Elle s’inscrit dans le sillage de celle de Diaspora, signée en 2014. Liberty, réalisée en 2016, incarne la continuité de cette réflexion au fil d’un journal de bord : j’y approfondis la connaissance de différents peuples noirs en mettant au jour des destins uniques, inspirants. Ils ont impacté le monde de façon tangible, mais sont méconnus, comme Frederick Douglass ou Jean-Baptiste Belley, figure oubliée de la révolution française et premier député noir de l’histoire de France. Ma recherche artistique coïncidait avec le contexte de protestation actuel et les sombres événements qui se sont passés : les violences policières, l’assassinat du jeune Trayvon Martin, etc. Je souhaitais réunir ces images selon une même chronologie, afin de montrer que la condition des femmes et des hommes noirs est complexe depuis longtemps, du fait d’innombrables injustices : mes photographies constituent un récit de l’histoire des Noirs, et par conséquent de l’histoire de l’humanité et du concept de liberté.
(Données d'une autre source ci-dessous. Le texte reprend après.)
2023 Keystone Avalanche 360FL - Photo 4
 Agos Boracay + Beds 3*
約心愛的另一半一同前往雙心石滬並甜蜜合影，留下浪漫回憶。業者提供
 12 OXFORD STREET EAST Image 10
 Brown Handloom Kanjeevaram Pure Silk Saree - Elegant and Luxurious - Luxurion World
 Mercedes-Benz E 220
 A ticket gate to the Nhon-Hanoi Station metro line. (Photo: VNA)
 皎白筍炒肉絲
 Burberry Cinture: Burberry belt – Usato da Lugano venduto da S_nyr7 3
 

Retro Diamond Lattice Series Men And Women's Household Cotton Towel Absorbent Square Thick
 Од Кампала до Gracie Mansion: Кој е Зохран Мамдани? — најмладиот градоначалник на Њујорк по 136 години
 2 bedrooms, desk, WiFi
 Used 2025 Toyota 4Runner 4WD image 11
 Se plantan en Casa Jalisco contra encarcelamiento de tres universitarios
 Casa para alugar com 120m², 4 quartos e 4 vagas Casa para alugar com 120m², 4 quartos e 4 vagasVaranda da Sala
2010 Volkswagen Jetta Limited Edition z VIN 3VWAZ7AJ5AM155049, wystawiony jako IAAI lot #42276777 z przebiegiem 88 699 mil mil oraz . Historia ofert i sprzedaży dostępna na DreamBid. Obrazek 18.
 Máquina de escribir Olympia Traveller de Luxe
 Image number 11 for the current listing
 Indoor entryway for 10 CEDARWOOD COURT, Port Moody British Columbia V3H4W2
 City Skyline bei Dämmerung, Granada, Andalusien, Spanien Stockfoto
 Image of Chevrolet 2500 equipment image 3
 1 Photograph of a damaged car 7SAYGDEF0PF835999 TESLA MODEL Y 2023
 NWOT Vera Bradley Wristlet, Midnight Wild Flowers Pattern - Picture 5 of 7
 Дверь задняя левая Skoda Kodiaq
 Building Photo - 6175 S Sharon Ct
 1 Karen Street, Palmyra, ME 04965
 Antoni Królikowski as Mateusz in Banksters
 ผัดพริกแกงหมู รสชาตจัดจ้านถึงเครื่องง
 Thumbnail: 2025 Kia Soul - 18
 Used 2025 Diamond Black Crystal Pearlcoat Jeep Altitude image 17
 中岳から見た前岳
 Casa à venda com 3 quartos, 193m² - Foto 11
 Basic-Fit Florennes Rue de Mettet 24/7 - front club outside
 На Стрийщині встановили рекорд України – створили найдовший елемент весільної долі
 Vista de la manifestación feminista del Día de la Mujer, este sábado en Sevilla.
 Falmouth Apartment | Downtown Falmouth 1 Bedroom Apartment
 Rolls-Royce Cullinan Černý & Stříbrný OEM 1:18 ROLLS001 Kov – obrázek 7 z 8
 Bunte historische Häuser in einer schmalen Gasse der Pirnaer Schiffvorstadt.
Diaspora et Liberty sont présentées en intégralité dans « Saaraba », en co-commissariat avec Olivia Marsaud, directrice de la galerie Le Manège de l’Institut français du Sénégal, à Dakar.
Que signifie le titre de cette exposition ?
C’est l’air d’une chanson entonnée au Théâtre national Daniel Sorano, à Dakar, où je me rendais avec ma mère le mercredi – un chant griot qui retentit au début d’un conte. Il annonce le retour au pays natal et la conscience d’une terre idyllique. J’ai énormément voyagé, donc revenir au Sénégal avec « Saaraba » incarne une résonance avec ma culture : j’y vois un écho mythique. Cette exposition est l’antre du souvenir, j’ai voulu une atmosphère feutrée, propice au recueillement. C’est une façon de tourner la page pour ces deux séries qui ont bénéficié d’une visibilité internationale exceptionnelle. Et la fin d’un long chapitre créatif. Je les ramène à la maison ! De plus, le végétal y tient un rôle important. Mes travaux rendent hommage à ces personnalités disparues comme à leur combat au nom de la liberté. Elles ne sont plus, mais je leur porte des fleurs. Si mes images peuvent émouvoir, toucher ou sensibiliser les gens, j’aurai atteint mon objectif.
Pourquoi avoir choisi de vous mettre en scène ?
Ce n’était pas prévu. J’ai suivi une résidence artistique à Malaga durant six mois sans modèle. Au fil de mes recherches, j’ai appris à maîtriser la lumière sur les peaux sombres, comme Diego Vélasquez. Je me suis rendu compte que ces artistes ne peignaient pas n’importe qui, mais qu’il y avait beaucoup d’histoires singulières ! Au fur et à mesure de mes séances, il s’est passé quelque chose d’intangible : au-delà de la technique et de l’esthétique, ce ne sont pas que des autoportraits, j’y vois aussi une manifestation de nos ancêtres.